Leionema lachnaeoides

Scientific classification
- Kingdom: Plantae
- Clade: Tracheophytes
- Clade: Angiosperms
- Clade: Eudicots
- Clade: Rosids
- Order: Sapindales
- Family: Rutaceae
- Genus: Leionema
- Species: L. lachnaeoides
- Binomial name: Leionema lachnaeoides (A.Cunn.) Paul G.Wilson

= Leionema lachnaeoides =

- Genus: Leionema
- Species: lachnaeoides
- Authority: (A.Cunn.) Paul G.Wilson

Species of shrub

Leionema lachnaeoides, is a tall shrub with aromatic leaves and yellow flowers from winter to late spring. It is restricted to the Blue Mountains in New South Wales.

==Description==
Leionema lachnaeoides is a tall shrub to 2 m high with white stems covered in fine, smooth, silver star-shaped hairs quickly becoming smooth. The leaves are more or less terete, 0.8 mm long, 1 mm wide, arranged alternately along the branches on a flattened petiole, with a slight upward curve and ending in a point. The leaf upper and lower side and edges are smooth, surface leathery, margins rolled under almost obscuring the paler underside. The flowers are borne singly on a short peduncle about 1.5 mm long in upper leaf axils and covered in soft star-shaped hairs. The pedicel is fleshy and about 2 mm long with 4 tiny bracts at the base. The green calyx lobes are triangular-shaped, about 0.5 mm long and smooth. The spreading, five yellow flower petals are narrowly oval shaped, about 5 mm long, smooth and dotted with glands. The 5 prominent, yellow stamens only slightly longer than the petals. The dry fruit are rounded with a distinctive 2-3 mm long beak and the seed is dispersed on maturity in early summer. Flowering occurs between winter and late spring.

==Taxonomy and naming==
This species was described in 1825 by Allan Cunningham, but the name was changed to Leionema lachnaeoides in 1998 by Paul G. Wilson and the description was published in the journal Nuytsia. The specific epithet (lachnaeoides) is from the Greek lachne- meaning "soft wool" and -oides meaning "resembling" a reference to the hairiness of the species.

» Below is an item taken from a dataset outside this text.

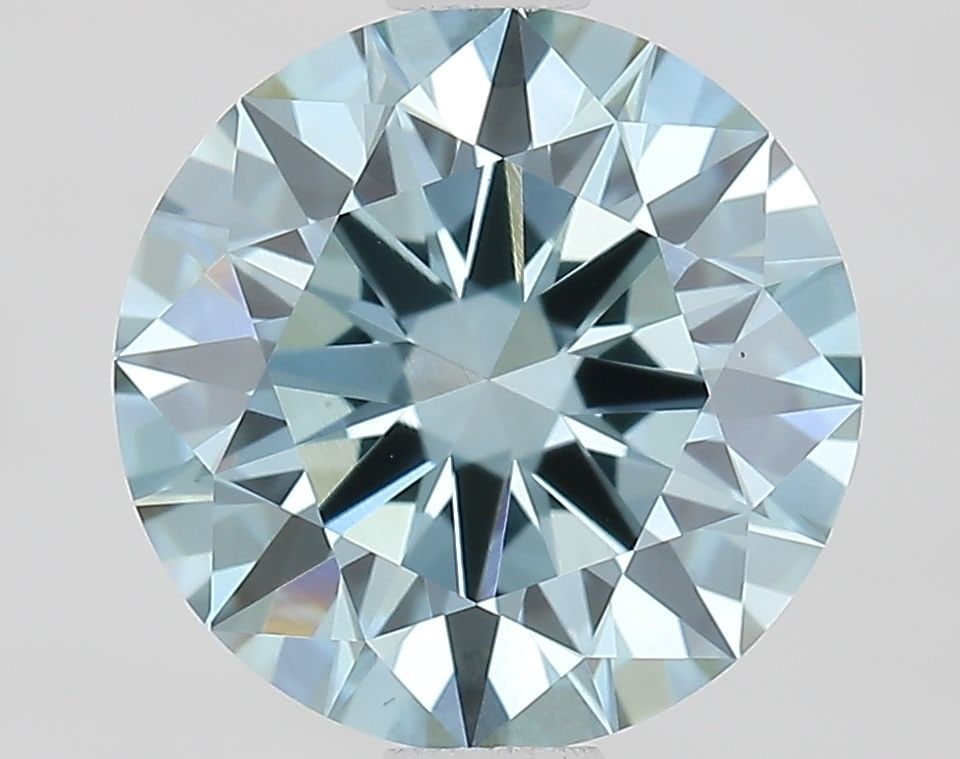 Ideal Loose Diamond - ROUND 1.51ct Fancy Vivid Blue VVS2: Ideal Loose Diamond - ROUND 1.51ct Fancy Vivid Blue VVS2 Source: This is a real non-mined Diamond that has been grown in a lab Shape: ROUND Carats: 1.51 Color: Fancy Vivid Blue Certification: IGI Vide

==Distribution and habitat==
Leionema lachnaeoides grows on rocky outcrops, among heath and scrubland west of Katoomba in the Blue Mountain and from Shipley Plateau, Blackheath.

==Conservation status==
This species is classified as "endangered" under the Environment Protection and Biodiversity Conservation Act 1999 due to factors including weed invasion, altered drainage and fire regimes.